**Data section**
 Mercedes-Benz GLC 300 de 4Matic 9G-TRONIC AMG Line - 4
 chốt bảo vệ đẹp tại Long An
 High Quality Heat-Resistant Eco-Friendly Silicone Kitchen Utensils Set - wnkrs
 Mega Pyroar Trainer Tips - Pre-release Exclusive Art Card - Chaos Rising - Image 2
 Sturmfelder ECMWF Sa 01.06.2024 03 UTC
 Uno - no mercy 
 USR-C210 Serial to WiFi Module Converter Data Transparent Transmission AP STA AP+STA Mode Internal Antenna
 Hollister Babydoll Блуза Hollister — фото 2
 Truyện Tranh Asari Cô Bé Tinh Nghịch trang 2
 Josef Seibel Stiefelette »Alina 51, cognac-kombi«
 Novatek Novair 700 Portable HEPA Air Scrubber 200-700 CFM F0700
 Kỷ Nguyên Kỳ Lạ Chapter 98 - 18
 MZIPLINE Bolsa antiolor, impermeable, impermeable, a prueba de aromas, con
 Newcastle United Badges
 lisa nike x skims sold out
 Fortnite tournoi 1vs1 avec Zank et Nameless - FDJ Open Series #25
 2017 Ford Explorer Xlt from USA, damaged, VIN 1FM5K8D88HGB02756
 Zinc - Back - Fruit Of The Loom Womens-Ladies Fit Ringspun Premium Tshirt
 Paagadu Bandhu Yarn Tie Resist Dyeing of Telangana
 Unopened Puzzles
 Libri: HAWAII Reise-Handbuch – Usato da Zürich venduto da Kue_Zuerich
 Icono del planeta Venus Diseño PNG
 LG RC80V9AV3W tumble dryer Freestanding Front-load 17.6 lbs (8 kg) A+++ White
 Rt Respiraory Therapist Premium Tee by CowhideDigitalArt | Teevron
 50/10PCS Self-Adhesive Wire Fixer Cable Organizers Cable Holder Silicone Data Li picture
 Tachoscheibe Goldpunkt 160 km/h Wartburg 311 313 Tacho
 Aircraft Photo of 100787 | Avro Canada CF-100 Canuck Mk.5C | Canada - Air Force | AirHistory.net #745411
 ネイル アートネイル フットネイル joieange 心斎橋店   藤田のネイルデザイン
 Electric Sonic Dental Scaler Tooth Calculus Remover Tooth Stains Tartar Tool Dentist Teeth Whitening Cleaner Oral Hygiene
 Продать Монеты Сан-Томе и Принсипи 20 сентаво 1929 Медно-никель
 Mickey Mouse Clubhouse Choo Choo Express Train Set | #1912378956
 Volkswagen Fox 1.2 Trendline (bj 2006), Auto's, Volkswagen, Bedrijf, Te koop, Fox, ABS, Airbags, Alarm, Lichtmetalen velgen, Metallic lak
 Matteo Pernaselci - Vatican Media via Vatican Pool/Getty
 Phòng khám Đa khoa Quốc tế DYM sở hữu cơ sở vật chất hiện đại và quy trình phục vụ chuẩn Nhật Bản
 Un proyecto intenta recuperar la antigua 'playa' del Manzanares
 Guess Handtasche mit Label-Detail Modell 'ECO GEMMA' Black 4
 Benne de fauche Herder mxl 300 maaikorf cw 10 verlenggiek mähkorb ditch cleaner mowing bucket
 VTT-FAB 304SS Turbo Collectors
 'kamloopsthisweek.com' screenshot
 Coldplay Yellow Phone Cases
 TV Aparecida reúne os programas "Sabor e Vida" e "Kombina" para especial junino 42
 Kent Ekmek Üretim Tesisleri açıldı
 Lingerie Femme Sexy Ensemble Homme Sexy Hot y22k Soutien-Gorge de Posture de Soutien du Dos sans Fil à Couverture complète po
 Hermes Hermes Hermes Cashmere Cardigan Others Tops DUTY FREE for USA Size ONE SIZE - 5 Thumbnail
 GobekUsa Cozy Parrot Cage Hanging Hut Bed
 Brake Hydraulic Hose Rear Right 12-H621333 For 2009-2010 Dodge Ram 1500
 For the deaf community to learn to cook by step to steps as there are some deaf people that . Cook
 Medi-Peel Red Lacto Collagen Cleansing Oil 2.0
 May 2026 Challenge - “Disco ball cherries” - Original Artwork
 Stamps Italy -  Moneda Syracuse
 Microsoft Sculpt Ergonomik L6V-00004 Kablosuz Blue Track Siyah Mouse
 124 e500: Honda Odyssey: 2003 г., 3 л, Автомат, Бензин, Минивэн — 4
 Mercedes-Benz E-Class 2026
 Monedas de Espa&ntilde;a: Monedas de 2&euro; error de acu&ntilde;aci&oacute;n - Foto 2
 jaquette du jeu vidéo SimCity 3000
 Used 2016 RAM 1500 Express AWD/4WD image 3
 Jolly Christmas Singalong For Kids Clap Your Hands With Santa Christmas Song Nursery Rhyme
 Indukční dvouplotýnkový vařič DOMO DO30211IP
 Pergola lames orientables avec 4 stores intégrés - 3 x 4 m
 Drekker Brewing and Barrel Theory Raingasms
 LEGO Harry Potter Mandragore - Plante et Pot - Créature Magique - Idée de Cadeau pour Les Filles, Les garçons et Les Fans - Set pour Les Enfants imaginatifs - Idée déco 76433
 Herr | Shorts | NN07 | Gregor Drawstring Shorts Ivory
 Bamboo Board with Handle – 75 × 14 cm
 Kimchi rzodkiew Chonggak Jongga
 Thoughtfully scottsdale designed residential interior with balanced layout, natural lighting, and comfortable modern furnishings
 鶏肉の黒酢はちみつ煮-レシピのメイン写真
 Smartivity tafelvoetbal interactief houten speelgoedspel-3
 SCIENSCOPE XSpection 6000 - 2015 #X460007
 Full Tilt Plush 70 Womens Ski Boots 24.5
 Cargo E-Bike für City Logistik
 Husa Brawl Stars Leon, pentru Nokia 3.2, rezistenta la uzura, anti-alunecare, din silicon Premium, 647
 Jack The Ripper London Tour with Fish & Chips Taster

**Assignment**
List every line above that contains the word "Premium".

**Answer to the exercise**
 Zinc - Back - Fruit Of The Loom Womens-Ladies Fit Ringspun Premium Tshirt
 Rt Respiraory Therapist Premium Tee by CowhideDigitalArt | Teevron
 Husa Brawl Stars Leon, pentru Nokia 3.2, rezistenta la uzura, anti-alunecare, din silicon Premium, 647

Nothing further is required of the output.